Instructions to follow >> Where the line containing "Infiniti G37 Sedan (2009) - picture 1 of 19" appears in the entries below, start there and print only that line and every line after it, exactly, through the end, excluding pictures.

Supplied material >>
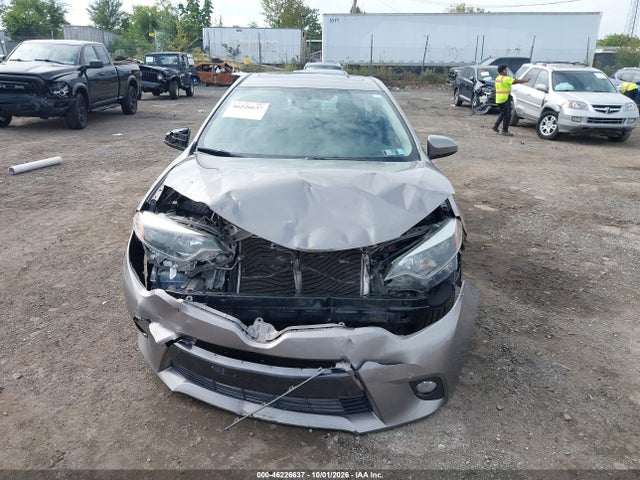 46226637 :رقم المزاد ، 2T1BURHE1FC305121 vin ، 2015 Toyota Corolla Le Premium مزاد بيع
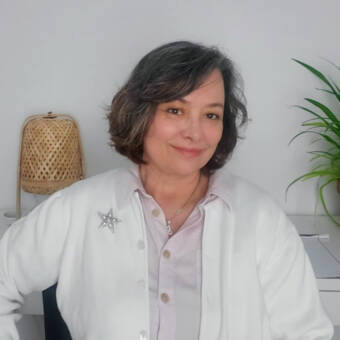 O avatar de Dr. Mina Laura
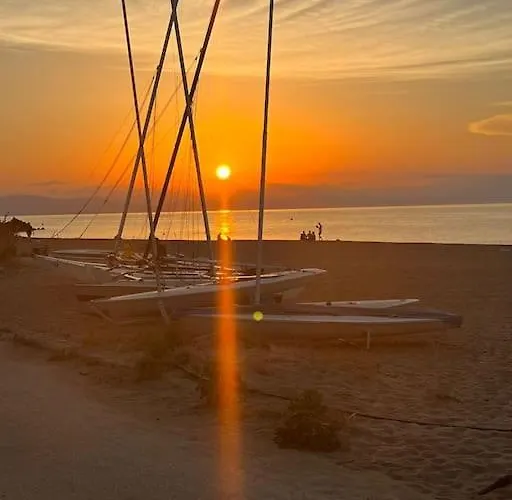 Penthouse 80qm, Zusaetzlich 80 Qm Private Terrasse, 60 M Zum דירה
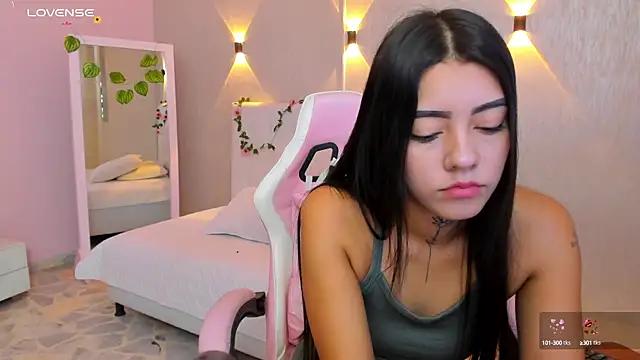 miagomezweb1 online show from 23, 1, 2025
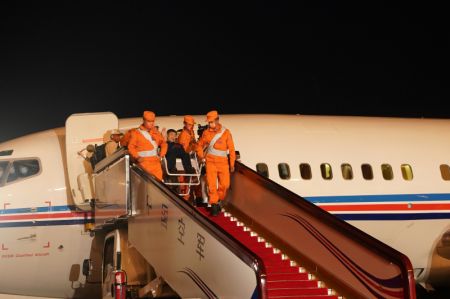 (miniature) L'astronaute Liu Boming salue la foule à son arrivée à Beijing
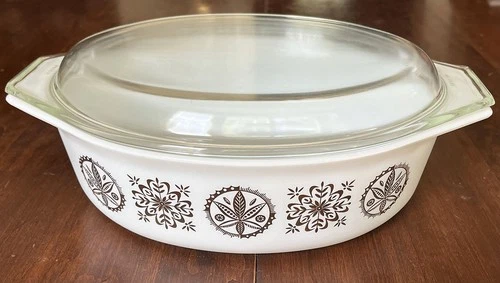 Vintage PYREX Gold HEX SIGNS 2 1/2 Quart 045 Oval Casserole Dish w/ Lid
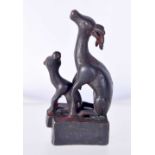 A BRONZE DOUBLE SEAL IN THE FORM OF A DEER AND A FAWN. 5cm x 2.2cm x 2.2cm, weight 72.4g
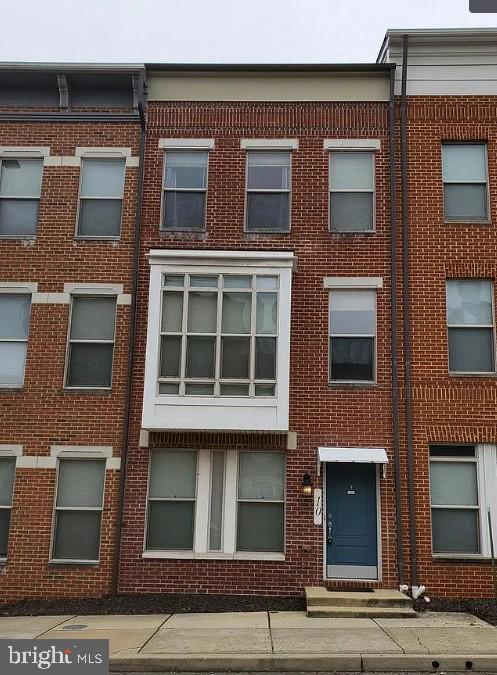 Building Photo - 10 S Exeter St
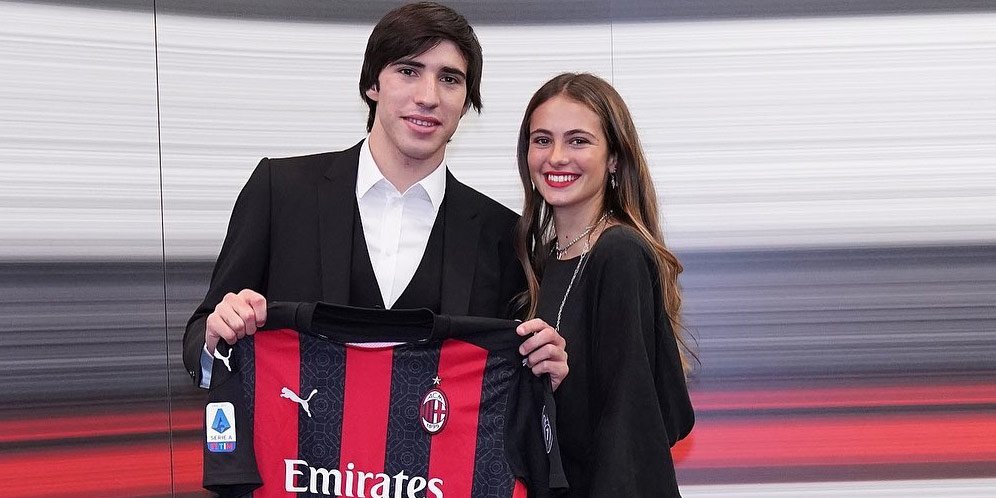 Giulia Pastore, Wanita Cantik di Samping Sandro Tonali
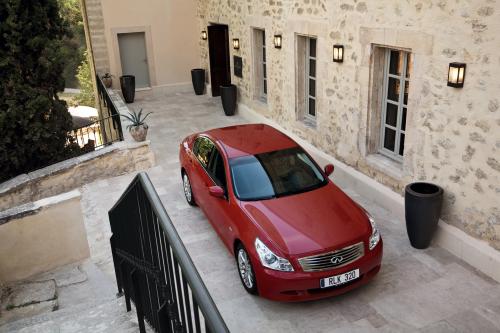 Infiniti G37 Sedan (2009) - picture 1 of 19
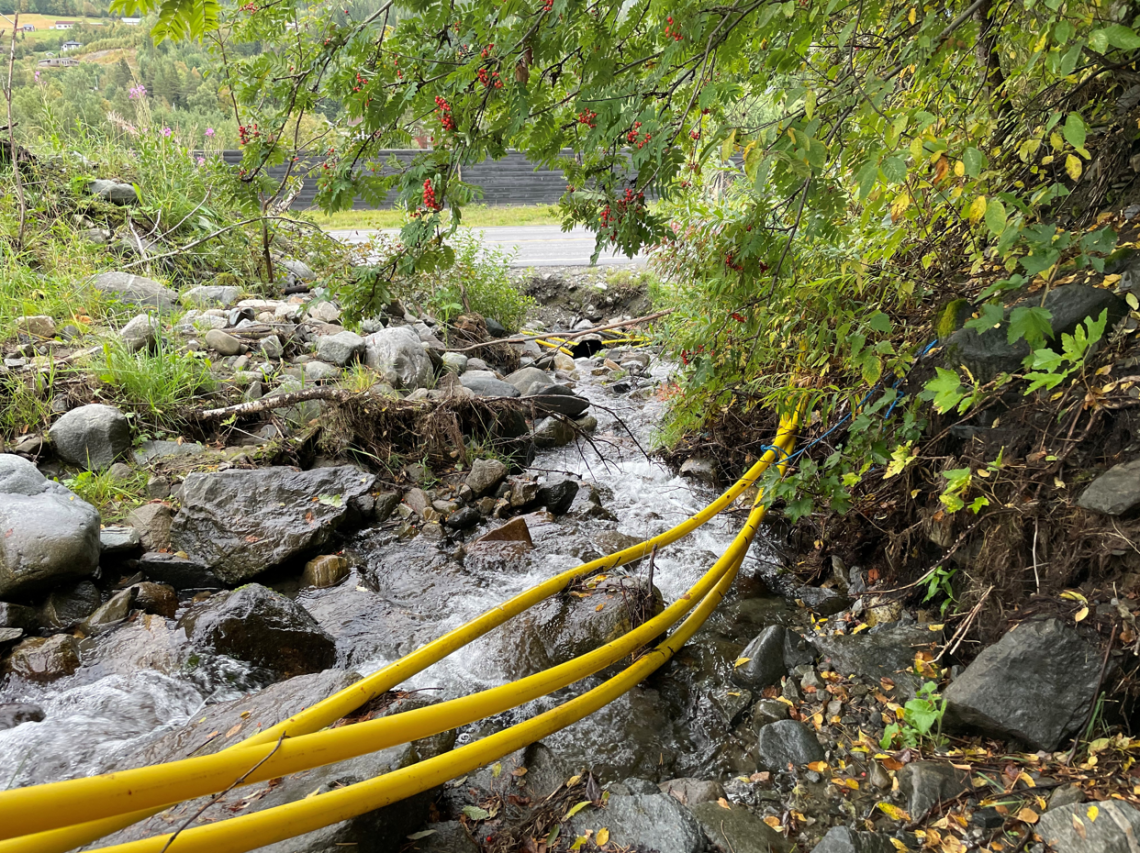 KRITISK: Kabler som henger og slenger utgjør en trussel mot den digitale beredskapen i Norge.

Answer for the task >>
 Infiniti G37 Sedan (2009) - picture 1 of 19
 KRITISK: Kabler som henger og slenger utgjør en trussel mot den digitale beredskapen i Norge.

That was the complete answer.